'Please send help': Schools in Brighton and Hove in financial crisis as needs of children left unmet

Headteachers say the needs of pupils are not being met. Credit: PA

Words by ITV Meridian Journalist Harry Acton.

More than 40 primary schools in Brighton and Hove have said they are facing a financial crisis which is leaving the needs of children unmet.

The warning from headteachers comes as they face a 'significant increase' in pupils with complex needs, which combined with current funding levels has left schools 'crippled'.

In a collective letter to the Department for Education teachers warned that they will end the year with a deficit budget, despite efforts by staff to cut as much as possible, and said the government needs to review the funding model with the 'utmost urgency'.

These cuts, they say, included reducing staff, cutting curriculum costs and postponing building expenditure such as books and computer purchases.

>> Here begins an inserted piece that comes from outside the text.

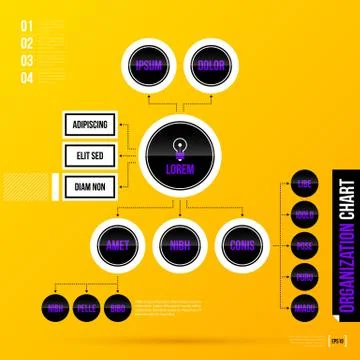 Organization chart template with round elements on bright yellow background. 스톡 일러스트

Any further reductions would see education provision decimated, the letter added.

One headteacher wrote that in the 16 years they have worked in Brighton and Hove, this crisis is the worst they have ever experienced and warned that everything they worked hard to build up for pupils 'is being destroyed'.

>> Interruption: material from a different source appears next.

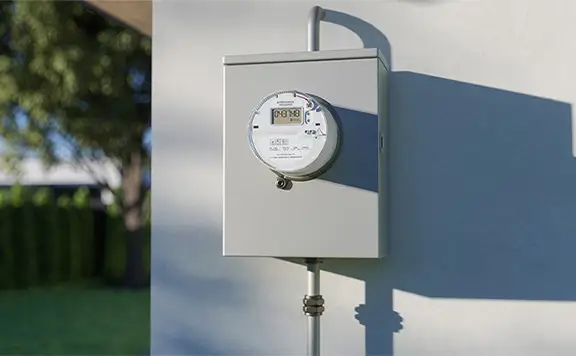Smart meter on exterior wall of home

Another warned they 'have nothing left to cut' and their school is unable to meet the needs of children.

"Please send help" they added.

Their words are echoed by educational leaders from around the area, who say they are having to make tough choices to stay afloat.

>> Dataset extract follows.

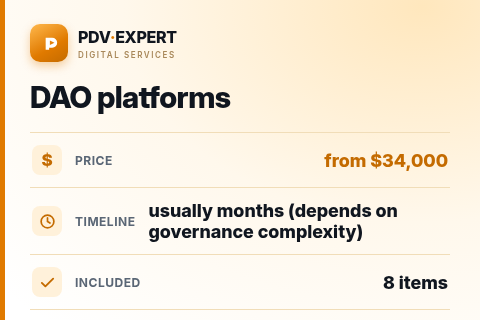 DAO platforms — price, timeline & scope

The cuts, leaders add, will be felt in the classroom despite efforts to protect children's education.

74% of schools surveyed say they have cut teaching assistants for the 2023-24 financial year to try and balance the books.

48% have cut teachers, whilst 51% say they will use less qualified staff.

No schools surveyed in the local area said they would survived without any form of cuts.

Headteachers added that it isn't just children who will suffer unless action is taken, with one head saying staff are demoralised and 'cannot give anymore'.

"I am knowingly making decisions based on what is cheap, not what is best for children orthe planet.

"I can no longer sleep at night."

Read the letter from headteachers in full

Open Letter to the Secretary of State for Education

Dear Secretary of State for Education,

Following the Chancellor's budget statement on Wednesday, Brighton and Hove headteachers are collectively writing to you with serious concerns regarding the current budget constraints which have placed primary schools throughout the city at a financial crisis point.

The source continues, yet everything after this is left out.